Transforming the data to match the word file
I suspect each application of this approach may vary so this method is tailored for the file I'm using. It is possible your attempt creates something identical, if that’s the case then the following should work for you too
To transform the data we need to do the following
- Create a column that groups each data point into a row
- Create a column that groups each data point into a column
- Pivot the data so it is displayed in columns and rows
- Tidy up any headers/helper columns so we're left with just the data we need
Column to group each data point into rows
The first 6 items in the above list are the items in the first row with the next 6 items in the next row. We need to have something in an adjacent column that can be used to group these items accordingly
First we'll add a new index column from 0 using the following ribbon option
Next we'll select the 'Index' column and then divide it by 6 using the 'Standard -> divide' options in the 'Transform' ribbon. Note these options are also in the 'new column' ribbon but we want to transform an existing column (not add a new column) so we use the ones in the 'transform' ribbon.

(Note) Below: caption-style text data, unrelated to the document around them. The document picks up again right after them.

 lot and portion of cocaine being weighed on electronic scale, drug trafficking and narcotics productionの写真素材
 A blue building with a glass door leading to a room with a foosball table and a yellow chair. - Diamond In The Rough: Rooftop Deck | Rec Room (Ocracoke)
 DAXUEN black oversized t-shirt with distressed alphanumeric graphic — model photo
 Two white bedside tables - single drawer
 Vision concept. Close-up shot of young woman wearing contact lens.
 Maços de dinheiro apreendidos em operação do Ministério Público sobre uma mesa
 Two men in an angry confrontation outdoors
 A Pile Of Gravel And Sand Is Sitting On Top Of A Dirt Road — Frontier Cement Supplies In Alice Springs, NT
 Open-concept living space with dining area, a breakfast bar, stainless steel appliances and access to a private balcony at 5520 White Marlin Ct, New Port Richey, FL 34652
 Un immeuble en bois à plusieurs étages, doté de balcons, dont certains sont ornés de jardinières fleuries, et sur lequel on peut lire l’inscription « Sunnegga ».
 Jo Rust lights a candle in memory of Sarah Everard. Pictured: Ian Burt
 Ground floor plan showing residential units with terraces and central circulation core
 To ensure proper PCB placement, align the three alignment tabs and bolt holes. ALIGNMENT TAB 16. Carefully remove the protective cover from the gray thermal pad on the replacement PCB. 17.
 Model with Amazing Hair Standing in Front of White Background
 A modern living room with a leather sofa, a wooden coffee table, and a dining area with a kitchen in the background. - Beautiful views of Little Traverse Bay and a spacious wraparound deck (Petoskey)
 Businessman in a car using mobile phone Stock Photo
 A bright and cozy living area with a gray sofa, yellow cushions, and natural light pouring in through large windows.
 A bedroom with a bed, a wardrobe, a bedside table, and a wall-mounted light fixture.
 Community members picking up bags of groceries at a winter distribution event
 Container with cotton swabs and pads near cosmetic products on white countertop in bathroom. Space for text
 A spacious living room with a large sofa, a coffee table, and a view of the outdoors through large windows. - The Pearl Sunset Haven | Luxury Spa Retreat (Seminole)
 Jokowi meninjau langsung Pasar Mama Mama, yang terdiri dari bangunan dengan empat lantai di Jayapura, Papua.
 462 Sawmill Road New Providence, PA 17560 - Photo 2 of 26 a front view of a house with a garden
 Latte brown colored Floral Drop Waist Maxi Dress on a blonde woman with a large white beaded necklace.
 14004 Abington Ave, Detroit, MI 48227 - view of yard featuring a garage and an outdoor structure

Next we'll use the 'round down' option in the same ribbon under 'rounding'
Now we have a column, that identifies the row number of the datapoint which matches the table in the word file. The last step is to rename the column to 'RowID'
Column to group each data point into columns
Now we have a column to identify the
Add another index column from zero
Next we'll add another column that multiplies the RowID column by 6
Next we'll need to select both the new index and the Multiplication columns and then in the 'add column' ribbon, select 'Standard, Subtract' which will create a new column which will contain the column number
Rename the 'Subtraction' column to 'ColumnID'
Lastly delete the 'index' and 'multiplication columns
Pivot the data so its displayed in columns and rows
Now we have 3 columns, one with the data to display in each cell, another with the RowID and the third with the ColumnID we can pivot the data into a table.
Rename column 't', 'Values'. This isn't strictly part of the process but it'll make sense after the next step.
Select 'ColumnID' and then click 'Pivot Column' which is located in the 'Transform' ribbon
Note, when pivoting data, Its useful to remember the selected column is the one that will become the column headers.
This will present the following selection
As you can see there is a single drop down option which is titled 'Values Column', we want to have the column where the information to be displayed in each cell is located, in this instance the 'Values' column (see what I did there!)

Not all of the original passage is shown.